I've committed to operating a values-based business without creating a nonprofit entity. Weird, I know. But here's my thinking:

First, I believe that ethics exist outside of religion. And that everone's decisions are informed by them, whether we recognize it or not.

I believe that--not unlike our two-party political system--the nonprofit/ for-profit binary represents an outmoded way of thinking, serves the interests of a few, and in fact limits our overall capacity to effect social change.

I believe that freedom and responsibility come to us in equal proportions. The way I see it, for-profits currently have great freedom with little responsibility, and nonprofits have great responsibility with with little freedom (churches being the standout exception to this rule.) This structural imbalance results in a real-world imbalance--the effects of which we are all feeling now.

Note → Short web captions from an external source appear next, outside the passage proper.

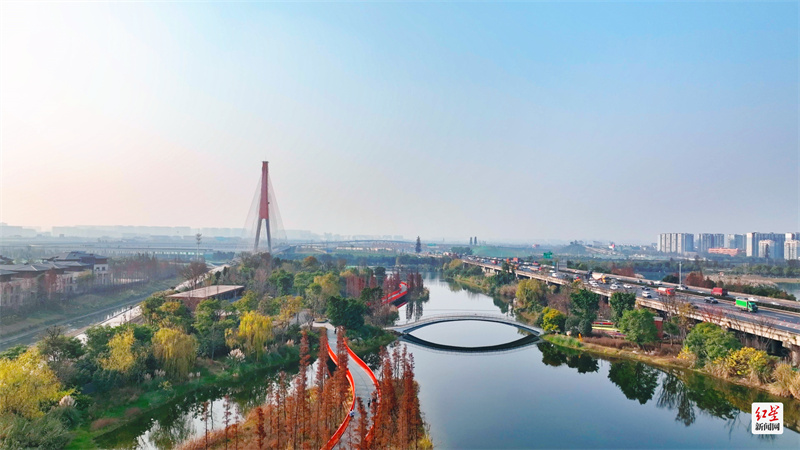 （转载）探秘城市地标⑤丨环城生态公园： 100公里长的“翡翠项链” 串起蜀川胜概
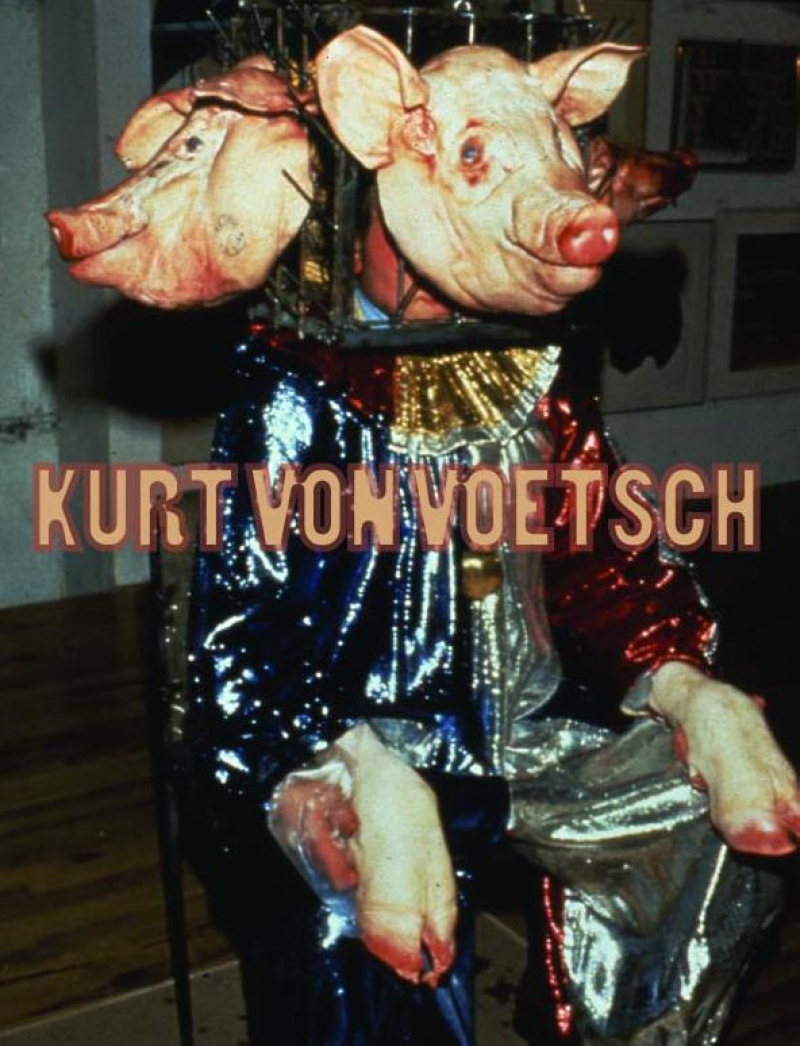 Kurt Von Voetsch: From the Grave & Messbag Series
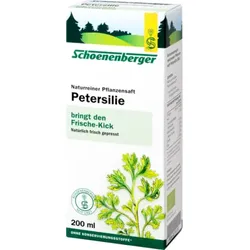 PETERSILIE Schoenenberger Heilpflanzensäfte 200 ml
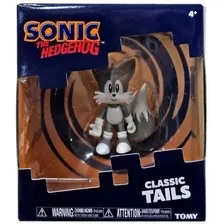 Muñeco Figura Tails Classic Tomy The Hedgehog Original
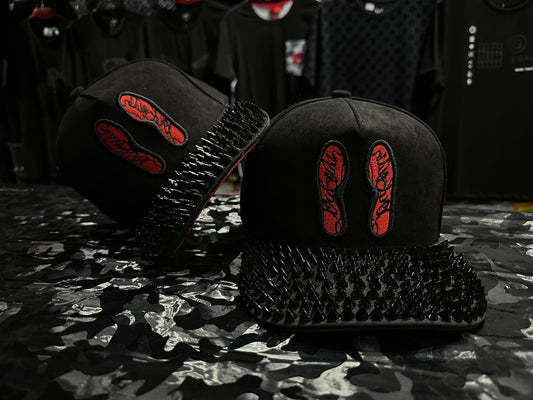 Gorra Suela Roja Picos LIQUIDACIÓN
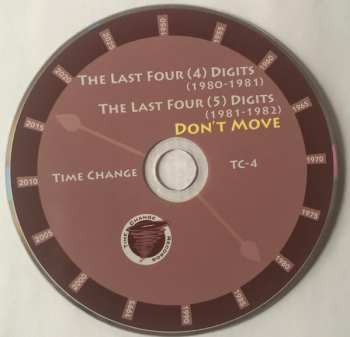 LP/CD Last Four Digits: Don't Move LTD | CLR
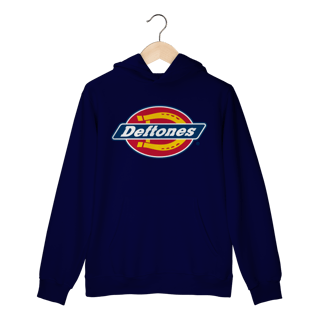 Nome do produto Moletom Canguru Deftones - Dickies
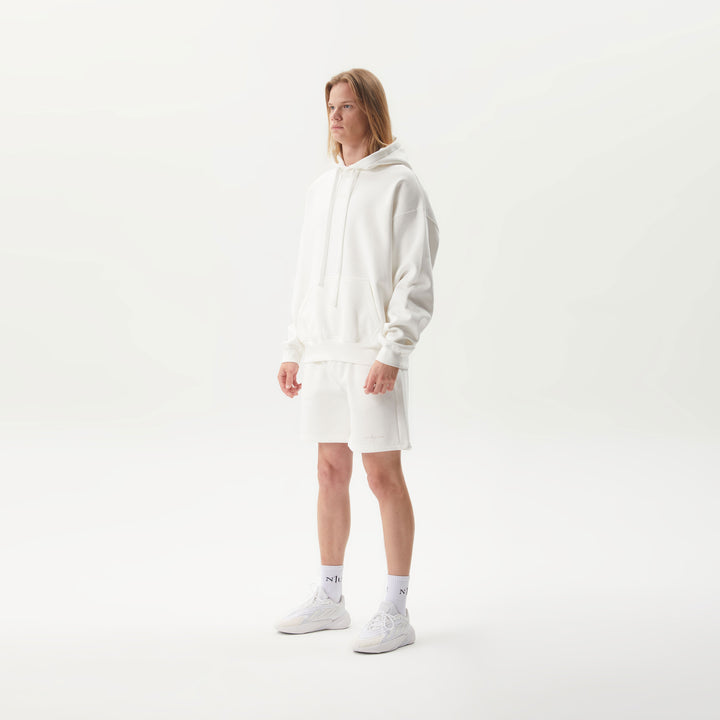 Hoodie Weiß Unisex - No1You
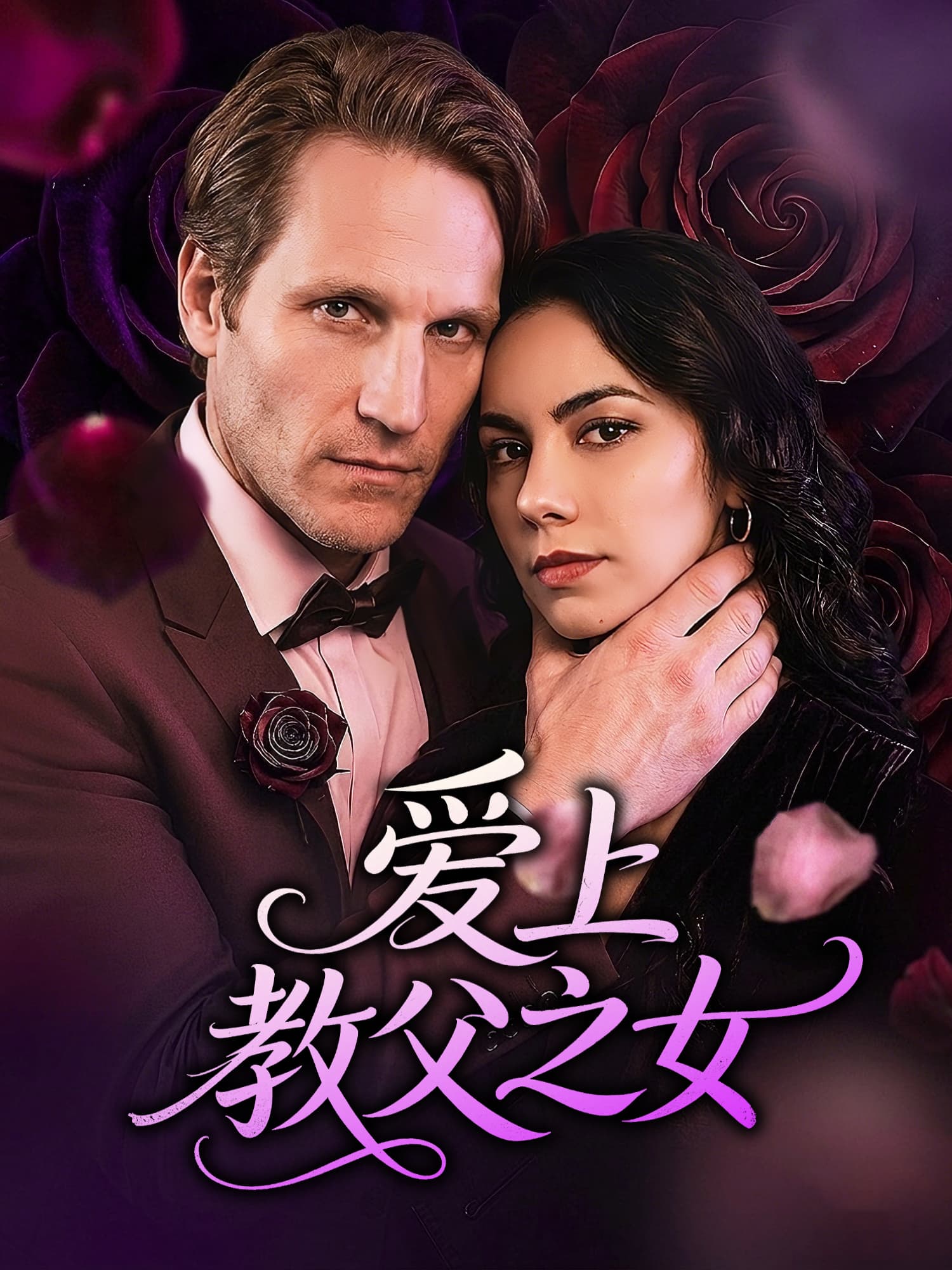 爱上教父之女 短剧封面与海报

I believe our current paradigm of nonprofit vs. for-profit businesses reinforces trickle-down economics and enables a culture of marketplace impunity. Though nonprofits look (and can be) helpful on the surface, when you view them as part of our larger (and arguably broken) economic system, they can also be understood as the inglorious flip-side of corporate personhood--a partnership with the government for the purpose of doing what allegedly cannot be accomplished by the government and private sectors: treating human beings like human beings.

I worked in nonprofit for just long enough to learn that volunteerism is neither sustainable nor gratifying in the long term and that the charity model undermines the inherent dignity and beauty of human generosity.

So I officially call bullshit. If for-profit businesses weren't fully expected to exploit and destroy what is good and human, nonprofits wouldn't be expected to occupy the high ground and clean up their mess.

So I'll no longer enable a broken system--even from the "good" side. Instead, I'm daring us as consumers to insist on ethical decision making from ALL business owners. Meanwhile, I'll do my best as a for-profit business owner to lead by example.

Because rather than employing a middle man, I prefer to partner directly with you, my community. I trust you and I recognize your wellbeing as connected with my own. If you thrive, I thrive, too.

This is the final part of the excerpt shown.